On Sat, 5 Mar 2011, Adam Morris wrote:
> Try \x{8a0} instead. I think that \x normally accepts only two
> following characters, so you have to use \x{} for long hexadecimal
> numbers.
You top posted, so I have to ignore you.
Just kidding. I did try that and that didn't work either. Then I did
this...
perl -pe 's/[[:ascii:]]//g ; s/(.)/$1\n/g' file.txt | sort | uniq -c >| bad_chars.txt
...and when I looked at the resulting bad_chars.txt file in emacs again,
the characters looked different. Before they were appearing as purple
rectangles, but now they appeared as a pair of characters that looked like
this: \302\240
I could represent them exactly that way in perl and delete them.
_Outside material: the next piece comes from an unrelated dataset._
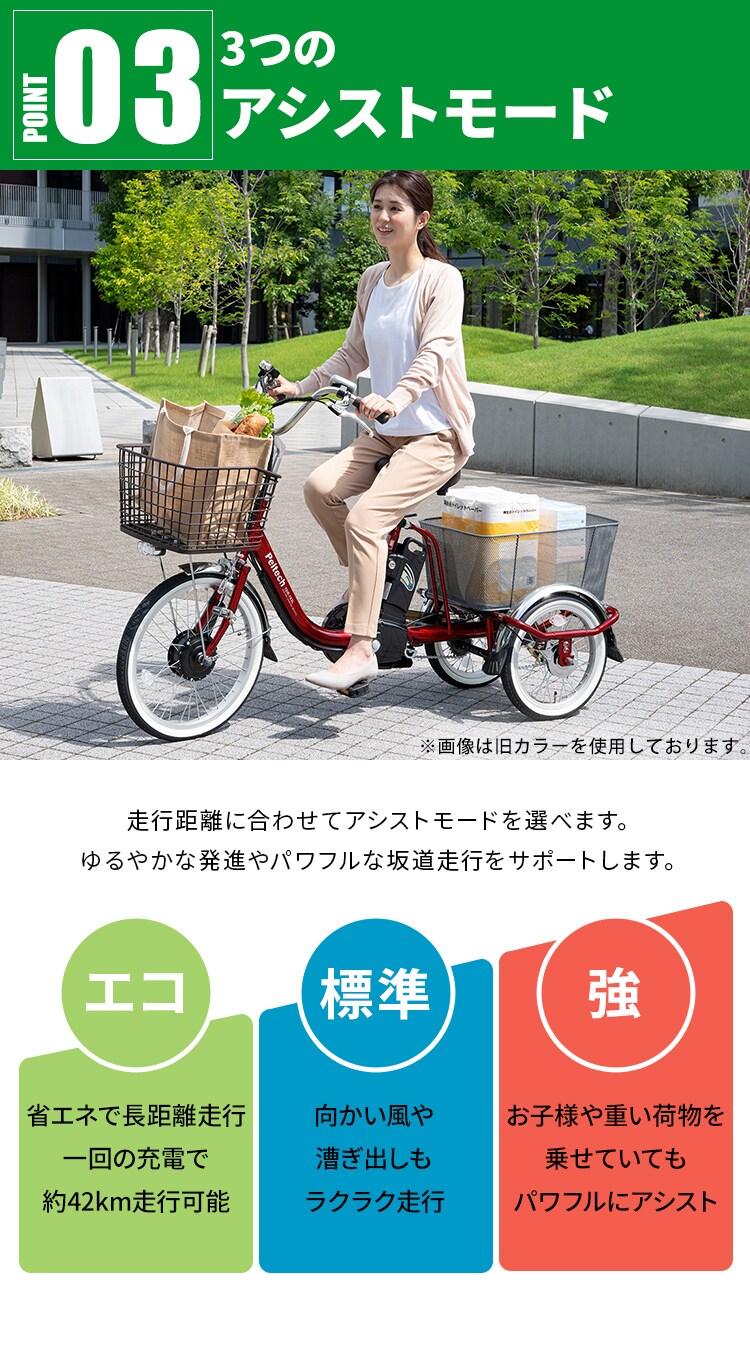 完成品】電動三輪車 20インチ TDRｰ163 プレシャスレッド【直送】【時間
I don't
really get what was happening there.
Mike
> On Mar 5, 2011, at 20:22 , Mike Miller wrote:
>
>> On Sat, 5 Mar 2011, Jonah wrote:
>>
>>> Who wants to contribute to a list, when it may spiral off into some
>>> off-topic agonizing showboating?
>>
>> I'd do it. I like it if people stay on topic, but sometimes threads
>> spin off into some random direction. It doesn't kill me.
>>
>> For example, you are writing about your personal feelings about
>> religion appearing on a technical Linux list, but I'm changing the
>> subject because I noticed a character in a text file that emacs
>> described as follows:
>>
>> 2208, #o4240, #x8a0
>>
>> I'm trying to figure out how to use perl to remove such characters from
>> a text file. It seems like it would be easy using something like
>> s/\x8a0//, but that isn't it. Anyone know?